CIO — I’m participating in a panel discussion on the future of IT education at one of our local business schools this week. I’ve been asked to bring the industry perspective: What do real organizations really need their IT professionals to know?

This discussion has been going on for some time now within both the academic and business communities, and it typically revolves around the question of how much technology knowledge should be taught in the schools versus general business knowledge and management skills. Clearly this is not an either/or question; good IT professionals need both, and everyone knows that. It’s more a question of proportion (how much technology, how much business management) and philosophy (how much theory, how much practice).

It seems to me that the issue of requirements definition and management—whether for system capabilities or for broader sets of project specs—offers some pertinent lessons that may not resolve but at least clarify this debate. For instance, in our cover story, "Fixing the Requirements Mess" on Page 52, Technology Editor Christopher Lindquist reports that 70 percent of software project failure can be attributed to poor requirements management. Seventy percent! That means that if only people were able to agree to what, precisely and minimally, they need a system to do and to stick to it, there would be 70 percent fewer software project failures, even if nothing were done to improve bad code or poor project- or change-management discipline.

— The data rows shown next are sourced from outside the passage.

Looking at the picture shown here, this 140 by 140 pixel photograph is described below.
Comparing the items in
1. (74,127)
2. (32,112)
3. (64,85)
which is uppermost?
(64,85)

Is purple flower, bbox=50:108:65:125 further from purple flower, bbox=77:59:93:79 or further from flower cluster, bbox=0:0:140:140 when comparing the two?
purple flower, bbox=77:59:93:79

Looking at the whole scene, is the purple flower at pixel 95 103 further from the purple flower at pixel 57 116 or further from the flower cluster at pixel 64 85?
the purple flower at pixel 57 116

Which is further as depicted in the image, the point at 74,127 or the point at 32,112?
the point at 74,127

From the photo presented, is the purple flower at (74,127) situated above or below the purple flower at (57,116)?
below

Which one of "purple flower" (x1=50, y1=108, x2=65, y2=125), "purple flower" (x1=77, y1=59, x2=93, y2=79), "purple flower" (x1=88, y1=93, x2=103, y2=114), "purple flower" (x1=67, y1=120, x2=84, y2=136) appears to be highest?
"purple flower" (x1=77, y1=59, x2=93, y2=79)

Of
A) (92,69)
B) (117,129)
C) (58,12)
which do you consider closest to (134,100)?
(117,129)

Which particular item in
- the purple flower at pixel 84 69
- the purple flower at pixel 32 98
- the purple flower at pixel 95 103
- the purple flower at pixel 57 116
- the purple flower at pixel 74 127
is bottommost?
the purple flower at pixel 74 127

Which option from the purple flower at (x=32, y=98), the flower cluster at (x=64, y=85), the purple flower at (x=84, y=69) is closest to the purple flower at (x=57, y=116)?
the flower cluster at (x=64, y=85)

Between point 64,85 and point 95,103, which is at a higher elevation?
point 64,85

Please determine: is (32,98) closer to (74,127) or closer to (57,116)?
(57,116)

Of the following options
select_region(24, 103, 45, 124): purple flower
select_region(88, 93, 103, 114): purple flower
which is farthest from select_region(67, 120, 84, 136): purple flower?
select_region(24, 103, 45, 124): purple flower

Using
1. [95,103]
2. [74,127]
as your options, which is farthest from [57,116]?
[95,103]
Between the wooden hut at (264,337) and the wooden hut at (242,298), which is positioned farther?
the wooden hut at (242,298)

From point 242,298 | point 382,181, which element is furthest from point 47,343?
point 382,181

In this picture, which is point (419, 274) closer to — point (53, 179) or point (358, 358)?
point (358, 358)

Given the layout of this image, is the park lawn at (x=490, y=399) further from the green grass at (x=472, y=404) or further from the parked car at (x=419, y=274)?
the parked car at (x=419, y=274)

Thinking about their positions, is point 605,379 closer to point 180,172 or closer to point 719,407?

This is astonishing.

And in "Offshore Allies," Page 74, the second of a three-part series on outsourcing strategies and models, Senior Editor Stephanie Overby reports that 37 percent of co-sourcing arrangements (in which clients and vendors share management responsibilities for application project initiatives) end in failure. According to research jointly conducted by MIT’s Center for Information Systems Research (CISR) and CIO, to be successful in this type of arrangement, each party must play to its strengths (business knowledge on the client side; technical expertise on the part of the vendor), set up the relationship so those capabilities can mesh well, and define the separate contributions of each as clearly as possible without detracting from the collaborative effort. "The lesson I’ve learned with any partner is that being very formal in the communication process and setting expectations clearly up front is paramount to success," says Michael Agnew, managing director of project management at software provider Omgeo. "All throughout the project lifecycle, it should be clear who’s handling what. There needs to be clear accountability."

There are certainly frameworks and methodologies that universities could teach to help future IT professionals be more successful in managing requirements and expectations. But what would be truly transformative would be for all educators—from kindergarten through college and right into the workplace—to teach people how to communicate clearly, to define, precisely and minimally, what they need (from a system or anything else) or expect (from a partner or employee—or a child or spouse, for that matter). These types of fundamental and enduring skills would go a long way to improving the state of business overall.